Scottish high streets lose 148 stores as town centres struggle
Shops and banks feel “digital pinch”, according to survey
High street empty units - Rob Brewer
Town centres across Scotland lost five retail outlets a week in 2017 amidst a tough trading environment, PwC research compiled by the Local Data Company has revealed.
While 142 stores opened across Scotland in 2017, this was offset by 290 closures, the figures reveal.
The net drop of 4.5 per cent was higher than other parts of the UK, which saw an average fall of 2.6 per cent.
PWC said “no town was immune to the trend of high street loss”.
Fashion shops, banks, convenience stores and travel agents saw the biggest losses, while there was a marginal increase in food establishments like cafes and coffee shops.
Lindsay Gardiner, regional chair for PwC in Scotland, said retailers who had combined their online and physical shops in a “polished” way had been the most resilient against the “digital pinch”.
“2017 has proved to be one of the toughest trading periods Scottish retailers have experienced in years - borne out by a 71 p0er cent rise in store closures with high street names such as Twenty One going into liquidation and others such as New Look and Prezzo closing outlets.
“And so far this year, there’s been little sign of this pressure letting up with the ‘beast from the East’ and ongoing cold snaps taking their toll alongside other adverse business factors.”
Scottish Labour's economy spokesperson Jackie Baillie MSP said the Scottish Government could do more to support small businesses.
“Small businesses are essential to our economy and the lifeblood of local communities,” she said.
“To see such extensive closures of high street shops is not just deeply troubling, it is economically damaging.”

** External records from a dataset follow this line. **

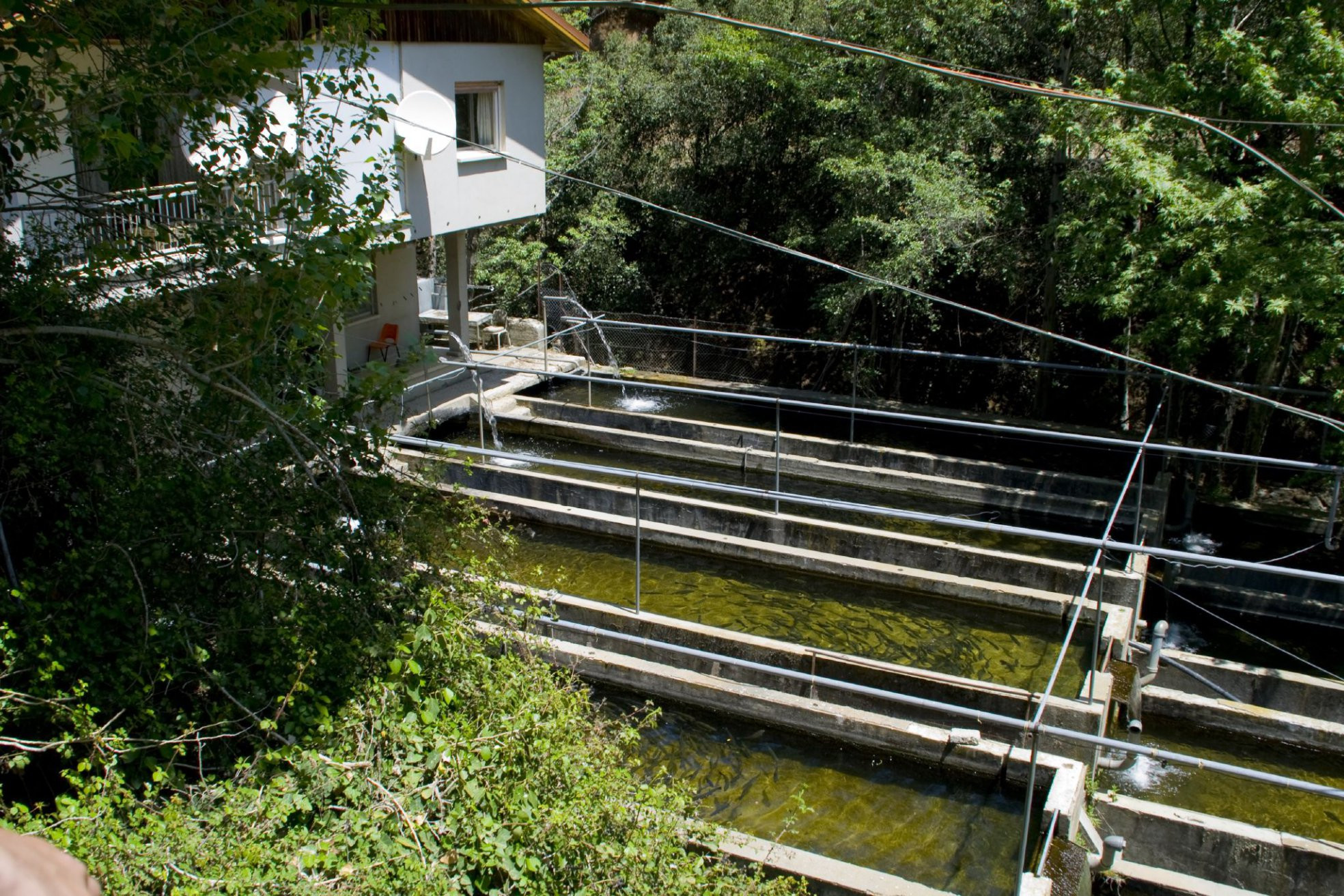 Платрес, Кипр, фото № 38723 – фотографии Кипра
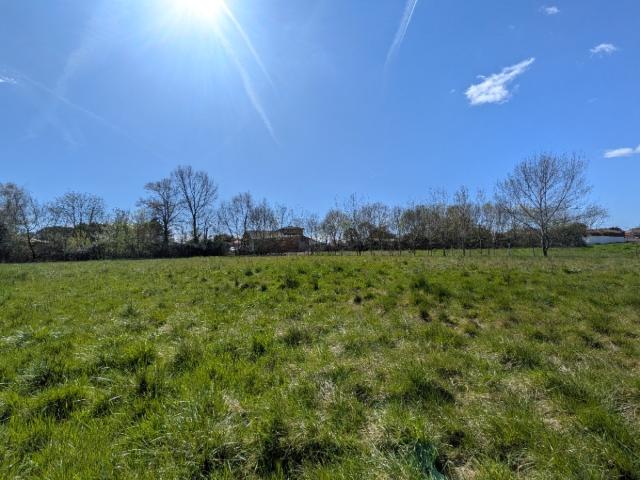 Rieumes Vente Terrain 31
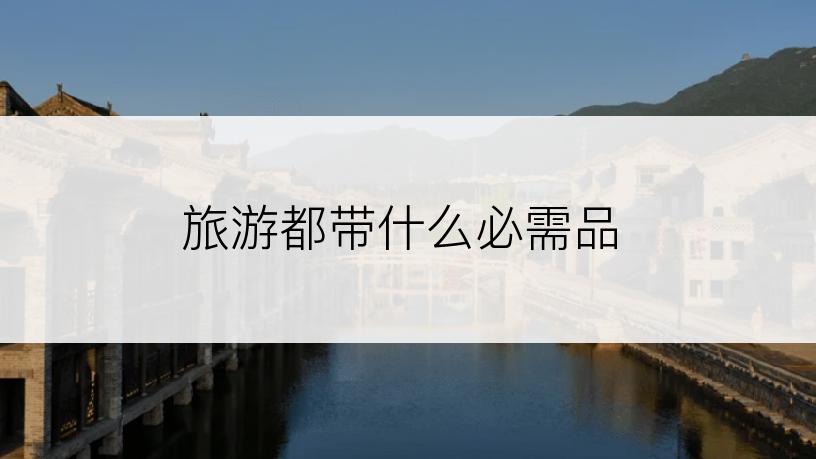 旅游都带什么必需品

Scottish Liberal Democrat economy spokesperson councillor Carolyn Caddick said: “The Scottish Government was supposed to have a "high street first" policy but they have ignored it time and again, for example by closing police counters and moving courts out of town.
“The policy is evidently not working but these closures also reflect the wider economy and the fact that Scotland is growing at a much slower rate than the UK as a whole.”